Do respond to comments. It encourages others to weigh in with their own comments, and demonstrates that you are responsive. An active comment thread can make a post visible to more potential readers and for a longer period of time. "Some posts generate such a heated discussion that it gives life to a post for several more days."

Get graphical.

Images and exhibits in the body of your post break up long chunks of text and make your post more visually engaging. Embedding a Slideshare presentation can help increase engagement as well, as many busy readers appreciate the chance to flip through content quickly without having to read through blocks of text.

Share, share, and share again.

Don't be shy about spreading the word about your post. Once you hit publish, make sure you share your post with your network: LinkedIn groups you belong to, your social media networks, your company intranet and newsletter, etc. All within reason, of course.

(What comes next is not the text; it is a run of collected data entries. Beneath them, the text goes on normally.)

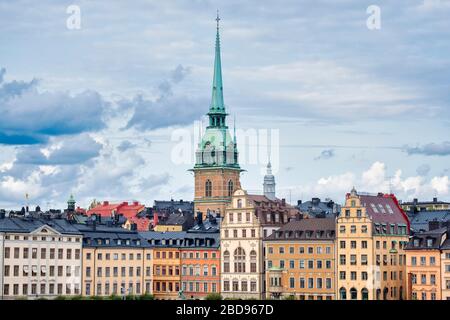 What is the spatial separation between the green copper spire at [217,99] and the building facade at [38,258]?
65749mm

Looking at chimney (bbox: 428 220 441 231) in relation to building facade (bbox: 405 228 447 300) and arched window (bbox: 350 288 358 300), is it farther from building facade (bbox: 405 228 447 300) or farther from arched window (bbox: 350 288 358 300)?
arched window (bbox: 350 288 358 300)

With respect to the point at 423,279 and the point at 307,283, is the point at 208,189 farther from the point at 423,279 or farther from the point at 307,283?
the point at 423,279

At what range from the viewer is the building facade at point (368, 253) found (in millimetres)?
108688

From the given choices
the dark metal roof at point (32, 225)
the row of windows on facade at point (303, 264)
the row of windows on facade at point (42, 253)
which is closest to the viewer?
the row of windows on facade at point (42, 253)

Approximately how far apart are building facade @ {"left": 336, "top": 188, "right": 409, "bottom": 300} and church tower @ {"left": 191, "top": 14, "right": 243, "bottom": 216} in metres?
68.4

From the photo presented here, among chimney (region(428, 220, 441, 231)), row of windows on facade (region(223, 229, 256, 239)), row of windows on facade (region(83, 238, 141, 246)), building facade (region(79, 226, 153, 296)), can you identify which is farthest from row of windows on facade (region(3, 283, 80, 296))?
chimney (region(428, 220, 441, 231))

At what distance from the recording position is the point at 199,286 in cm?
12288

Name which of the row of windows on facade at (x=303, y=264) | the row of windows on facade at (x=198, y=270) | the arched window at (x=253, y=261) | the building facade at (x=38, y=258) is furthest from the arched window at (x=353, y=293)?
the building facade at (x=38, y=258)

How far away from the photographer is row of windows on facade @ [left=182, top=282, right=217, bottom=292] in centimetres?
12206

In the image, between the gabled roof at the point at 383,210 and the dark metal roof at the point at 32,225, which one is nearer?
the gabled roof at the point at 383,210

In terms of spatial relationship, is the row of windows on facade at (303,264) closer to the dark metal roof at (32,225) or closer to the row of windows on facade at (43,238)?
the row of windows on facade at (43,238) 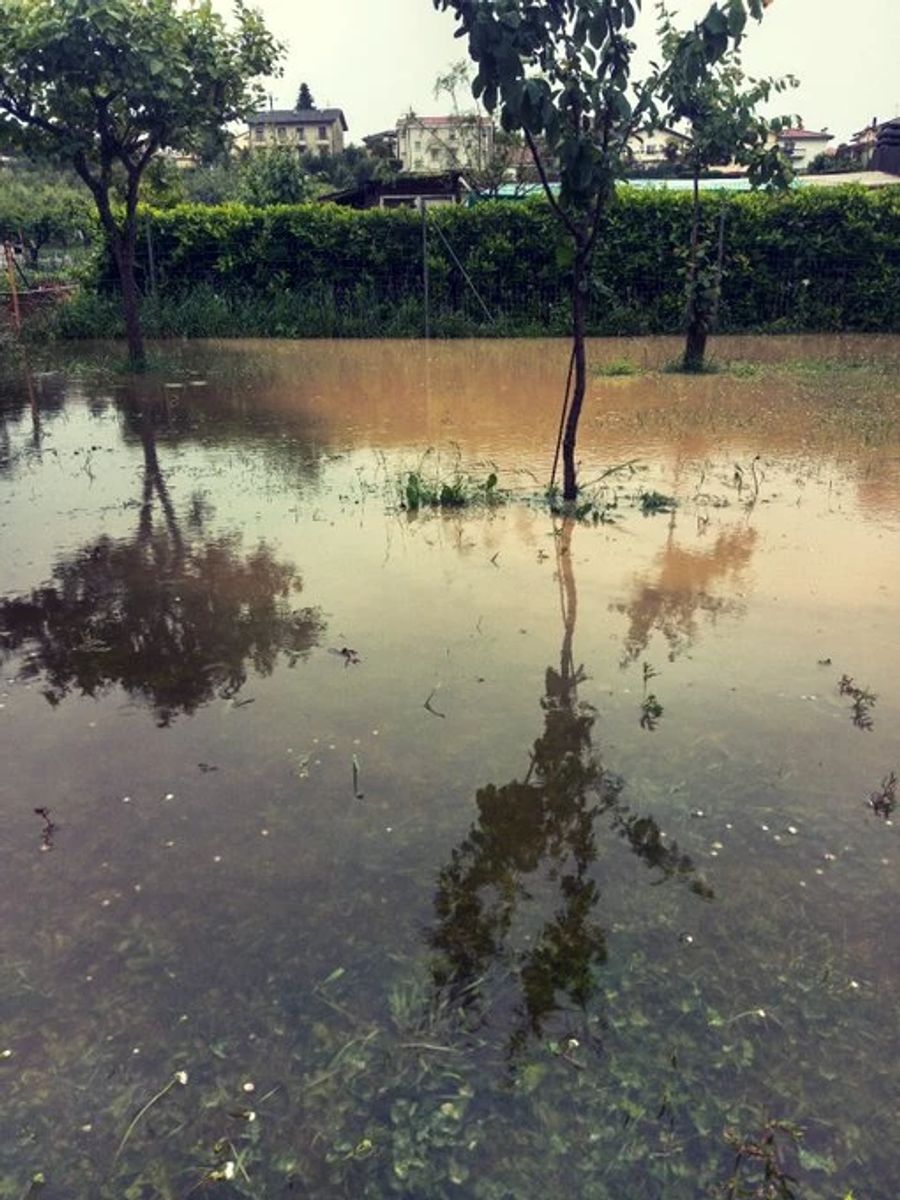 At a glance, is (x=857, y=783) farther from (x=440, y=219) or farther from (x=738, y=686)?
(x=440, y=219)

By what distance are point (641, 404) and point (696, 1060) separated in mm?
10275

Give the editors a heads-up.

You can alert LinkedIn's editors by tweeting a link to your post with a quick pitch that explains why it's worth featuring to @LinkedInPulse. Isabelle and her colleagues also interact directly with readers -- she does her best to keep up with the stream of emails that come through.

And if your post doesn't get the attention you feel it deserves, don't give up so fast! Try again. Remember: the editors are working through a mountain of content each day, so they might miss your post the first time around.

Quality wins the day.

Focus on writing quality content that appeals to your target audience, and don't fret over the number of views your post gets. "At the end of the day, quality content wins", she says.